DATASET EXTRACT START

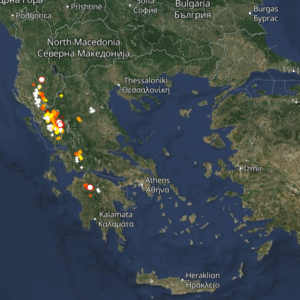 Καιρός – Live 4-9: Εντείνονται οι καταιγίδες – Πού εκδηλώνονται τώρα
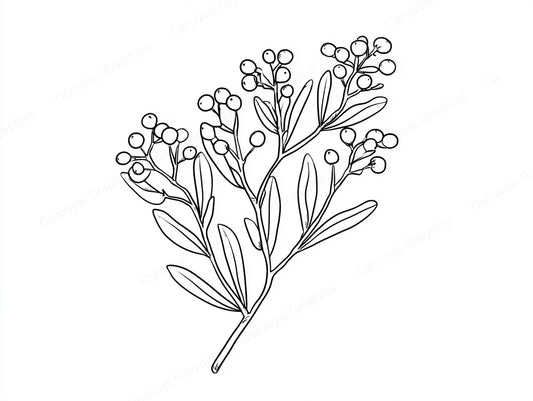 Mistletoe Vector Graphic preview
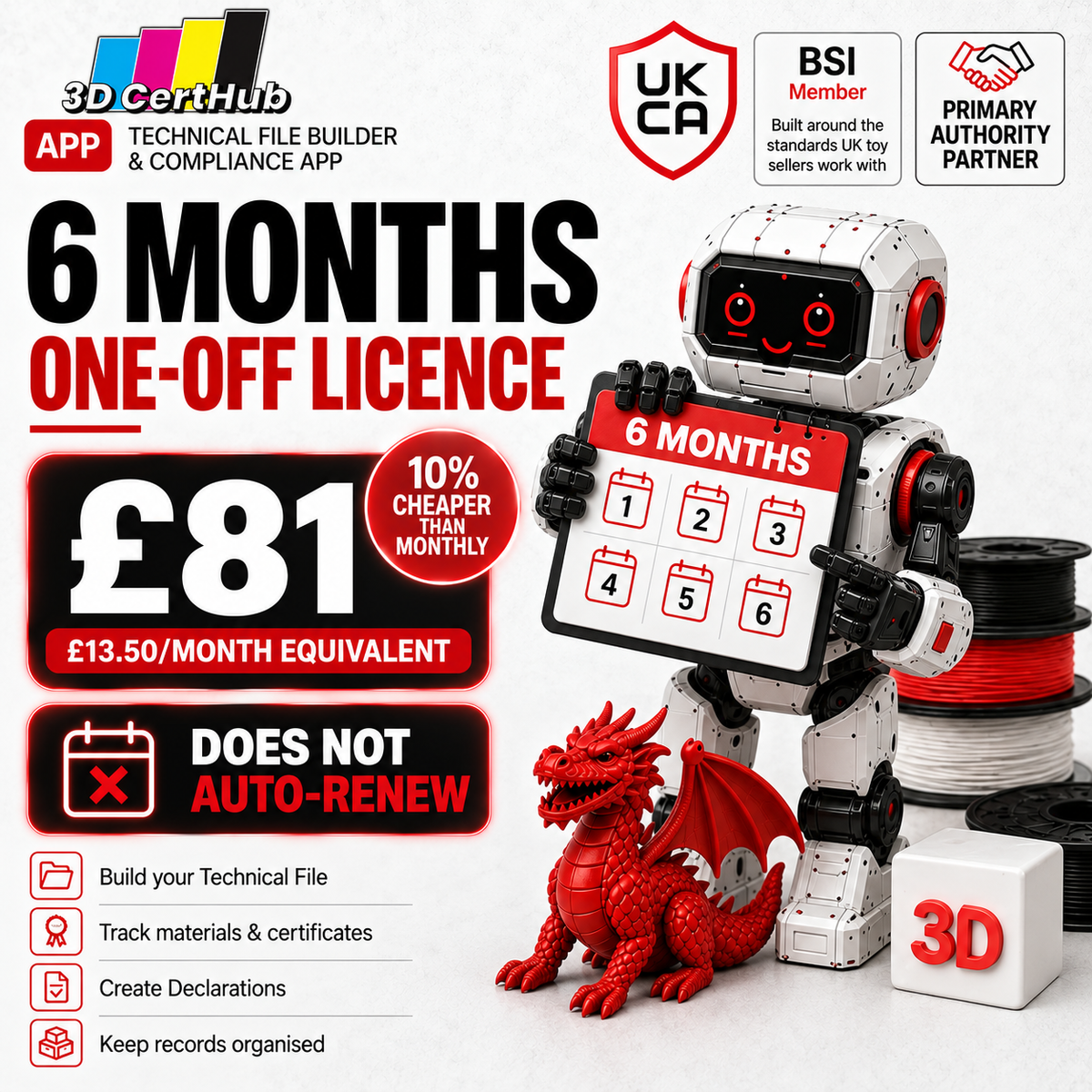 3D CertHub — 6-Month Licence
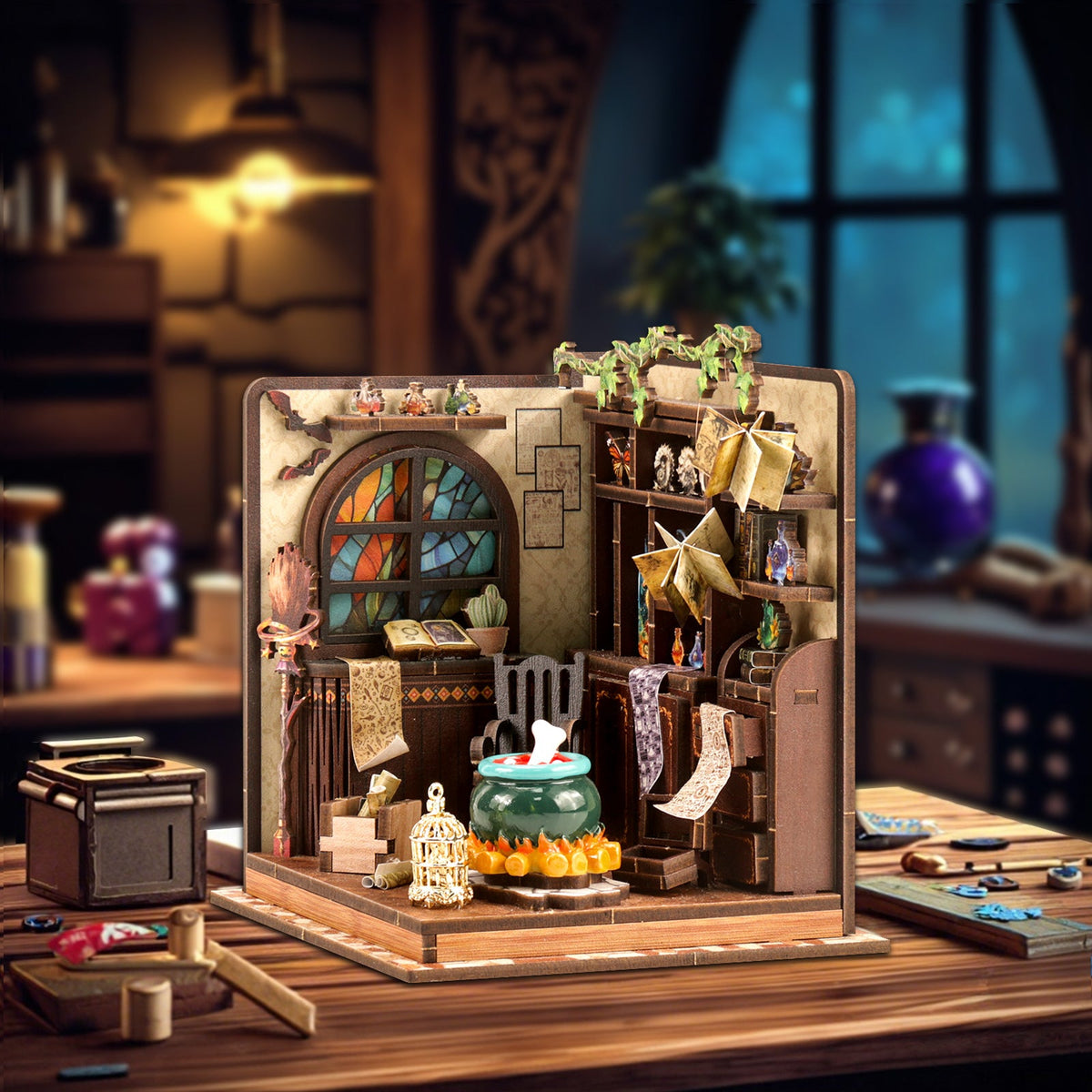 Miniatuur bouwpakket Magic Potion Workshop - Assemblr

DATASET EXTRACT END

The whole listing above is to be printed exactly; the pictures stay out.

#### ANSWER BELOW:
 Καιρός – Live 4-9: Εντείνονται οι καταιγίδες – Πού εκδηλώνονται τώρα
 Mistletoe Vector Graphic preview
 3D CertHub — 6-Month Licence
 Miniatuur bouwpakket Magic Potion Workshop - Assemblr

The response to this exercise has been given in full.